§ **What you are asked to do**
The answer must be an exact copy of the lines from the one with "Peppa Pig Peppa's" through the final line below, with no pictures and nothing else.

§ **Source records**
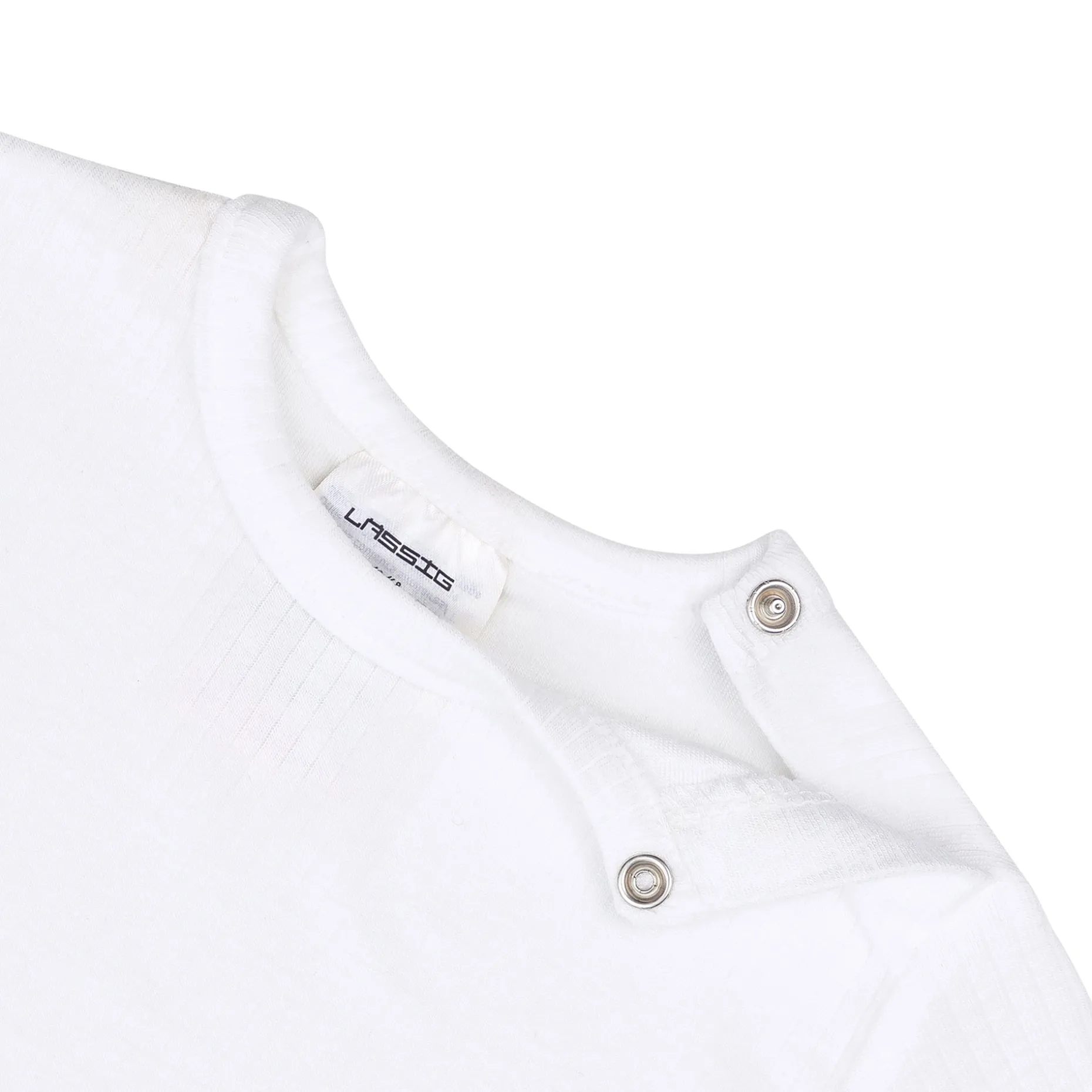 Baby Langarm Shirt - gerippt, Milky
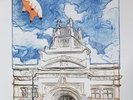 PINK FLOYD Their Mortal Remains V&A museum Lithograph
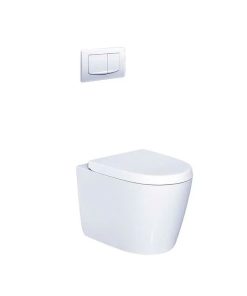 Bàn cầu treo tường CAESAR mã CPT1505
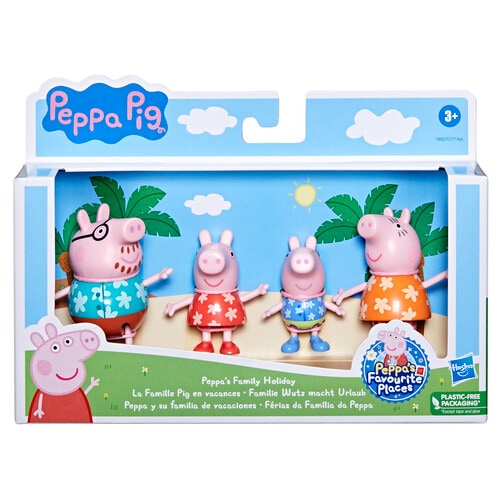 Peppa Pig Peppa's Adventures Family Figure, 4-Pack, Assorted product photo View 10 L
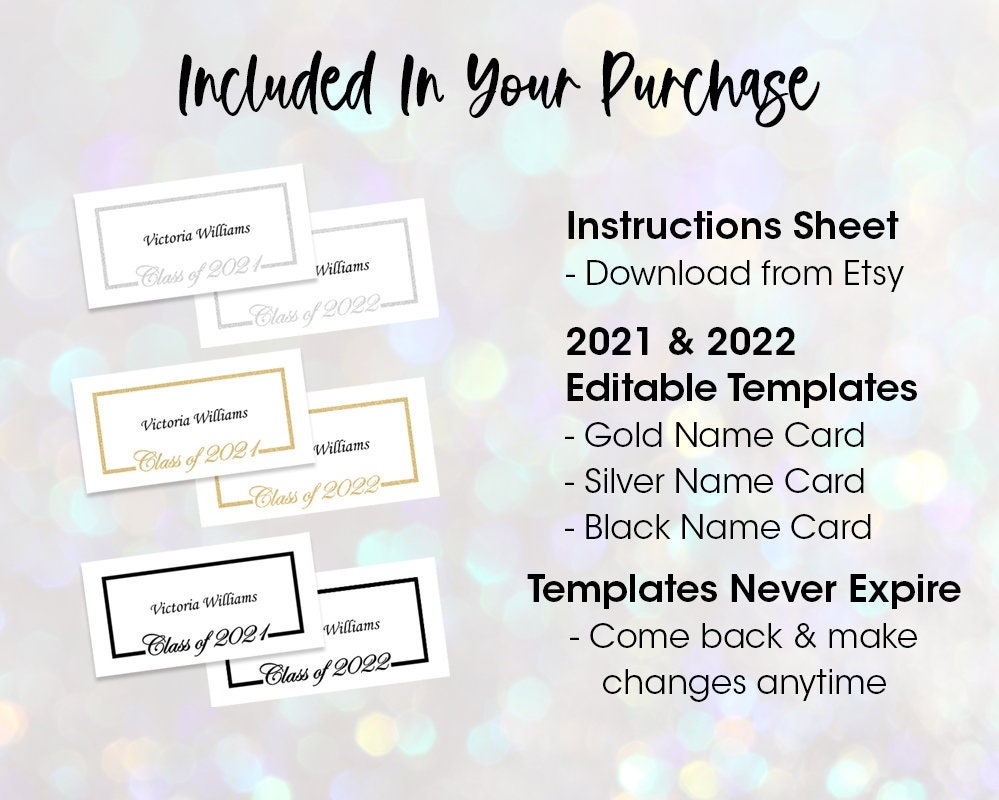 Printable Graduation Name Card Template Fillable Form 2025 Printable Graduation Name Card Template Fillable Form 2025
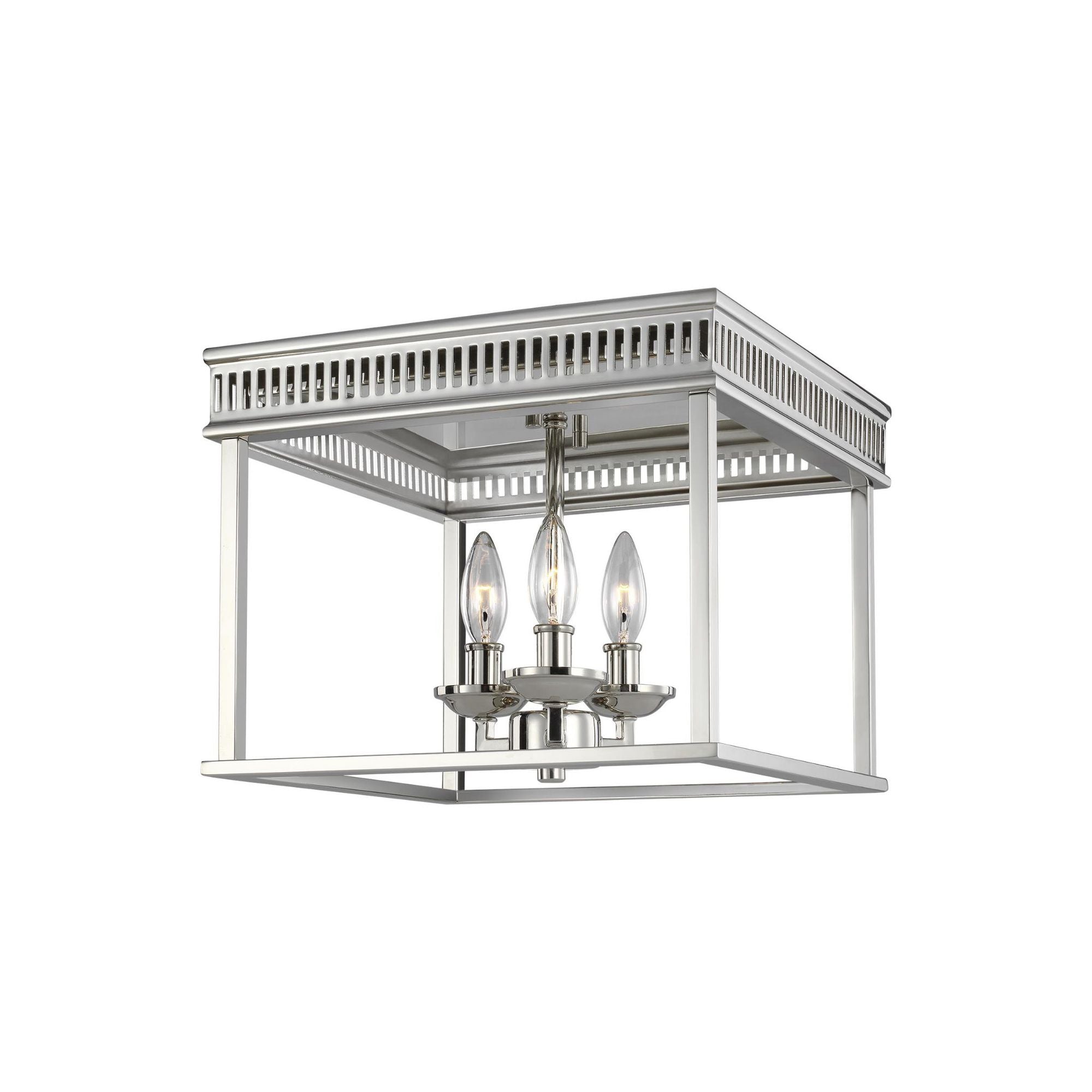 Sean Lavin Woodruff Flush Mount in Polished Nickel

§ **Solution to this task**
 Peppa Pig Peppa's Adventures Family Figure, 4-Pack, Assorted product photo View 10 L
 Printable Graduation Name Card Template Fillable Form 2025 Printable Graduation Name Card Template Fillable Form 2025
 Sean Lavin Woodruff Flush Mount in Polished Nickel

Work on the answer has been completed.